The latest Halifax Owning vs Renting Review shows that the gap between the costs of home ownership and renting has reached its smallest level since 2019.

The Owning vs Renting Review from Halifax found the typical monthly cost to first-time buyers of owning a UK home is now £1,231, £27 lower than renting an equivalent property.

The analysis, based on the housing costs associated with a mortgage on a three-bed home compared to the average monthly rent of the same property type, found that monthly rental costs in 2023 grew by 24% to £1,258, while homeowning costs increased by 27% to £1,231.

But on a regional basis, the monthly cost of owning a first home compared to the equivalent rental cost, was higher in nine out 12 UK regions or nations last year.

Kim Kinnaird, mortgages director at Halifax, said: “Our latest analysis shows that, in nearly all regions across the UK, first-time buyers are better off renting than owning a similar home. In fact, the only regions where it’s cheaper to own rather than rent, are the South West, London and Scotland.

“We know home ownership can offer long term financial and living stability and that’s why we believe it’s an important step to take.

“Our customers want to create a secure future, so it’s a big priority for us to help people get there. However, elevated borrowing costs, alongside a lack of available homes to buy, is pushing ownership further out of reach for would-be first-time buyers in many parts of the country.

“This is why we’re major participants and big supporters of the Government’s affordable home ownership schemes, such as shared ownership and the mortgage guarantee scheme and we’re committed to helping first-time buyers fulfil their dreams of having a place to call their own.”

Reflecting on the Owning vs Renting Review, Tom Bill, head of UK residential research at Knight Frank, commented, “There has been no cliff-edge moment for house prices despite borrowing costs rising sharply over the last two years. The prevalence of fixed-rate mortgages means any financial pain is entering the system in a staggered way. Lenders are also in a much stronger position than during the financial crisis, which means no wave of foreclosures to drive down prices. While the strong labour market is one reason inflation has remained stubbornly high, it has also underpinned buyer demand.

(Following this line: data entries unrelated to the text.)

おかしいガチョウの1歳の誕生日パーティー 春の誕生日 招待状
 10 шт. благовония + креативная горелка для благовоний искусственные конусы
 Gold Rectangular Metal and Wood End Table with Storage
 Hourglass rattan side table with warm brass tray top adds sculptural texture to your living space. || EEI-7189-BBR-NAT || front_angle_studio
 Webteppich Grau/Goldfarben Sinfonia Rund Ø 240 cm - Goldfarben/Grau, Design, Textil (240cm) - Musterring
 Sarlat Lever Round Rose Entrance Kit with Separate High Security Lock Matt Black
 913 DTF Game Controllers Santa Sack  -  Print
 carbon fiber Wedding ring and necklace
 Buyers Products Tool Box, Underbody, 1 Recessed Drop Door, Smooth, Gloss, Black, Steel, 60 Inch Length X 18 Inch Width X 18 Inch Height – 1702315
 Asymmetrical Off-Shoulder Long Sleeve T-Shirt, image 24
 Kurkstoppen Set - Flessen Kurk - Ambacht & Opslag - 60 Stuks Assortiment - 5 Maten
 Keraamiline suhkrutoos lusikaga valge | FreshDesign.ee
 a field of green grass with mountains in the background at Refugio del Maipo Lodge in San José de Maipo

“The story of the last two years has been a slowdown in transactions not prices, which has made renting a cheaper option in some areas, even though the lettings market has suffered from a lack of supply. Given that housing will be one of the issues taking centre-stage at the election, it would be surprising if the government failed to offer any help to first-time buyers.”

Also responding to the Halifax report, Nathan Emerson, Propertymark CEO, said: “We are currently seeing upbeat news with regards to renting and buying homes, as highlighted by Propertymark’s most recent Housing Insight Report, which found that there has been a 29% increase in rental properties coming to the market, and an 80% boost in new properties for sale. However overall, there is still much work that needs to be done to make housing more affordable across the entire UK.

“Rental costs have surged in recent years and various governments across the UK have a duty to support the creation of a sustainable mix of properties within the rental sector. Mortgage tax relief was scrapped in 2015 and this created a situation of landlords unwillingly being forced to pass increased overheads onwards to consumers. Rent caps in Scotland and Wales have also caused considerable issues and have ultimately contributed to sharp increases in rents for many too. We need to see the UK Government and the devolved administrations introduce tax incentives to bring landlords back to the market to increase rental supply.

“Attention needs to be paid to housebuilding targets and further support for first time buyers. With inflation now nudging back down, Propertymark is extremely keen to see a reduction in interest rates as soon as possible to help uplift consumer confidence and affordability within the sales arena.”